Furthermore, GMO approvals are under legal challenge in Argentina and Brazil due to questions over the scientific basis of approvals. Most if not all of them underline the lack of proof of safety and insufficient testing.
Signatories of the statement include prominent and respected scientists, including Dr Hans Herren, a former winner of the World Food Prize and this year’s Alternative Nobel Prize laureate, and Dr Pushpa Bhargava, known as the father of modern biotechnology in India.
What’s dangerous and absurd is the claim that GM crops are essential (maybe only to the owners of the patents?). Africa is a case in point: there is little need for expensive and untried solutions there; traditional systems are sufficient. Vested interests have no place in world food production or in true science.
How well is that (Africa) going so far? The truth is probably (as usual) somewhere between the absolute positions that people are so fond of. There will be some Frankenfoods just as there were Frankendrugs and Frankenpoliticians. There will also be clear winners like the ‘wheel’, ‘fire’ and ‘electricity’.
Thanks to these experts for speaking up despite the intimidation practiced by the GM industry and its pro-GM warriors against those who disagree with them. There is now sufficient independent evidence from peer-reviewed and published research to conclude that some varieties of genetically manipulated soy, corn and canola harm experimental animals, and maybe also the people who unwittingly eat GM ingredients. The GM industry’s blanket opposition to the full and honest labelling of GM food products strongly suggests that they are hiding risks and hazards. Our regulators are pathetically weak and unscientific in their assessments of GM food ingredients, though they have no established record of safe use, as the ENSSER scientists confirm.

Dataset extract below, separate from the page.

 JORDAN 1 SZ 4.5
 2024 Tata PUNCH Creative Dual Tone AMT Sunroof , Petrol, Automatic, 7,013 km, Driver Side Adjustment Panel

A small cartel of agribusiness and food corporations – Monsanto, Syngenta, Dupont, Bayer and BASF – now owns most global seed and agrichemical supply chains, controlling industrial food production. This domination and their disinformation about genetic manipulation are not in the public interest. As oil and phosphates deplete over the next 50 years, arable land and water become scarcer, and the climate changes, a transition to agro-ecology is necessary. That should be the focus of public policy, not GM crops to prop up present production models which cannot survive resource depletion and environmental change. The United Nations’ models for a transition to agro-ecological systems should be incorporated into government policy and implemented. They include the International Assessment of Agricultural Knowledge, Science and Technology for Development (IAASTD). See: www.unep.org/dewa/Assessments/Ecosystems/IAASTD/tabid/105853/Default.aspx and the UNCTAD Trade and Environment Review 2013, “Make Agriculture Truly Sustainable Now for Food Security in a Changing climate” See: unctad.org/en/pages/PublicationWebflyer.aspx?publicationid=666) Thanks again to these brave and independent experts for denouncing false claims that GM crops and foods are safe and sustainable when much evidence shows they are not.
Well said Bob!
GMO’s have no place in our society. Look at all the gastrointestinal problems people are having, this includes many infants that I know. Look at all the people with stomach and esophageal cancers. I have been a nurse for 30 years and am disgusted at what passes as o.k for human consumption.